Back when smoking topped the list of America's health woes, researchers found that smokers who had a brief conversation with a doctor — just a three minute chat that addressed their habit — were significantly more likely to quit.
Now the nation is smoking less, but a whopping two-thirds of Americans are overweight. Can doctors help patients shed weight, the way they have helped them kick cigarettes?
A couple of recent papers suggest the answer is yes.
In one study, obese patients whose doctors talked to them about their weight did a better job at preventing further weight gain. In the other, patients who were told they were overweight by their physicians were more likely to want to do something about it.
However, fewer than half of overweight people and fewer than two-thirds of obese people in the second study had been told by their physicians that they wereoverweight.
"Physicians need to tell more overweight and obese patients that they are overweight," the authors of the second study say. "This may help encourage them to change their behavior to lose weight and lower their risk for many diseases."
So why aren't more physicians talking to their patients about weight?
We asked Dr.
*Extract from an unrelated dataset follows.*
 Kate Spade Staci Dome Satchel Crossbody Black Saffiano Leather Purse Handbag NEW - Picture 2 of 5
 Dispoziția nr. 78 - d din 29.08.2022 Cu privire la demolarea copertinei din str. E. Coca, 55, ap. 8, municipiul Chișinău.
David Katz, the founding director of Yale University Prevention Research Center, who told Shots some doctors feel it just isn't their place. They aren't confident in obesity treatments, aren't trained to counsel patients about weight loss, and aren't paid do so. And they're afraid of offending patients.
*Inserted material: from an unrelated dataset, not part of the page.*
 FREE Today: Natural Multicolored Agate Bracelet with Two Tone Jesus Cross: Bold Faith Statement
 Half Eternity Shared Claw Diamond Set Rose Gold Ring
"Doctors saying, 'Don't you realize you're fat and it's bad for your health,' is about as constructive as putting pins in a voodoo doll," Katz said. "Sometimes I joke that if you make your patient feel one foot tall, and they are already overweight, their body mass index goes through the roof."
To be constructive, doctors have to choose their words carefully. "Patients really feel that words like 'fat' and 'obesity' can be negative," Dr. Rebecca Puhl of the Rudd Center for Food Policy and Obesity told us. "Neutral terms like 'body mass index' or even 'body weight' are better."
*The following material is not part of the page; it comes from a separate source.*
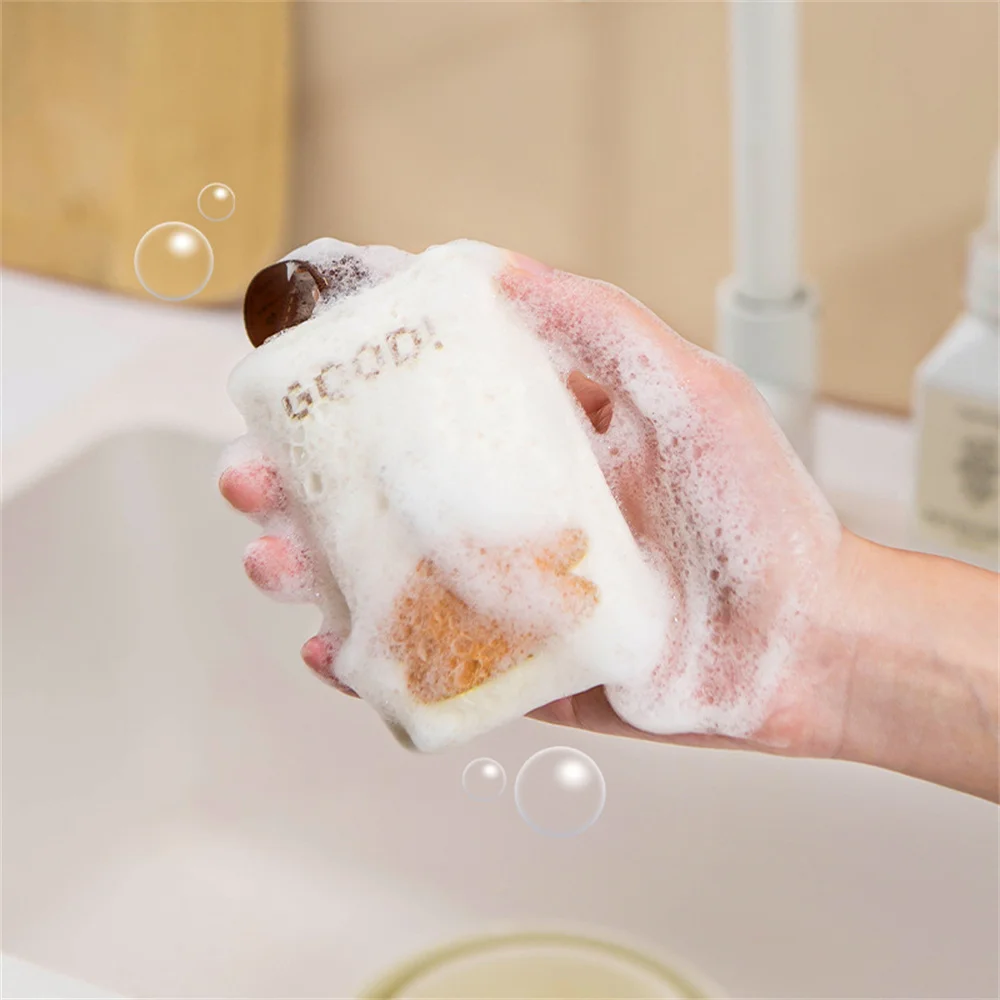 

Cartoon Pattern Dishwashing Sponge Good Storage Dishwashing Cotton Scouring Pad Natual Materail Quality Double-sided Material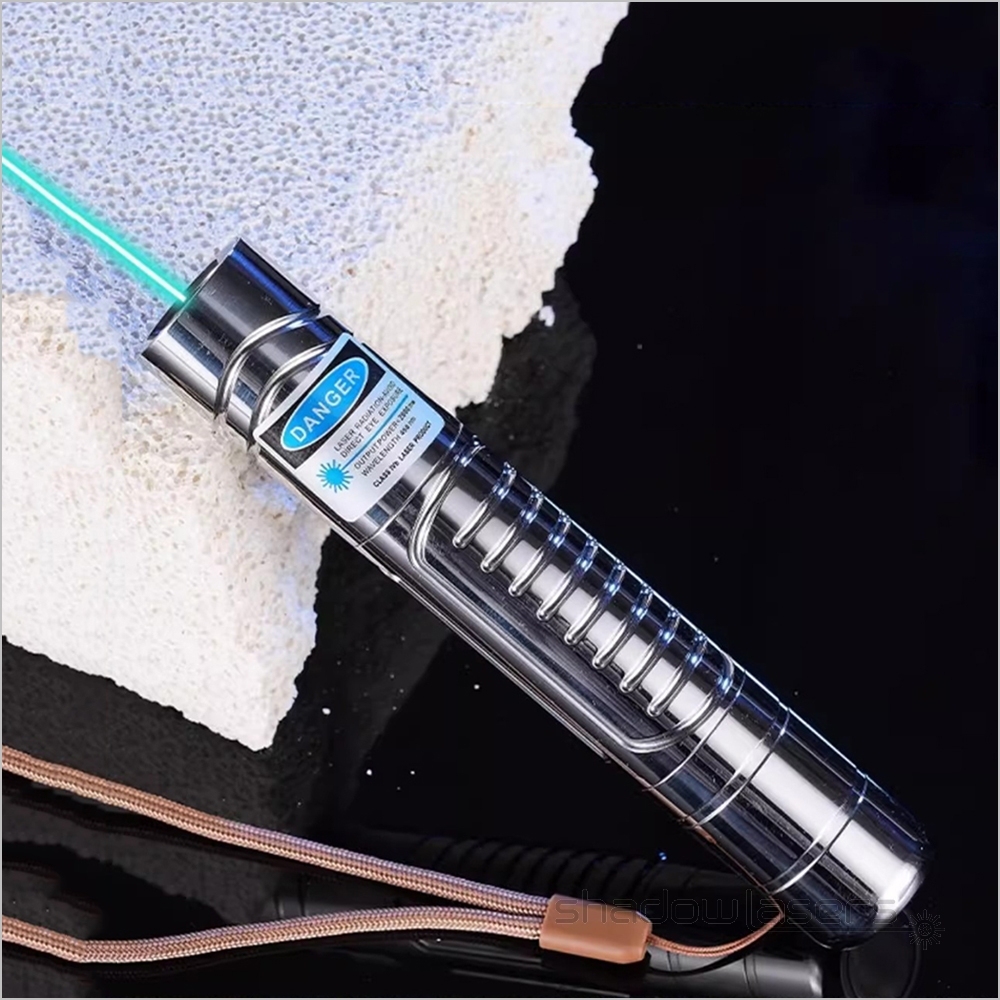 CH1-485nm Adjustable Focus Burning Cyan Laser Pointer 304 Stainless Steel 100MW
There's one way to bring up the problem without fear of offense. "Blame it on the government," Dr. Robert Baron, who directs the UCSF Weight Management Program, told us only half jokingly. "Say, 'Your body mass index puts you in a range the federal government would call overweight.'"
Comparing patients to standardized definitions brings obesity into the realm of less stigmatized risk factors, such as high blood pressure.
Still, Baron stressed that weight loss may not be the answer for everyone. "We live in a society with all the wrong food choices, and all the wrong messages telling us to do all the wrong things," agreed Katz. "This problem is not a clinical one, but I think clinicians need to be a small part of the solution."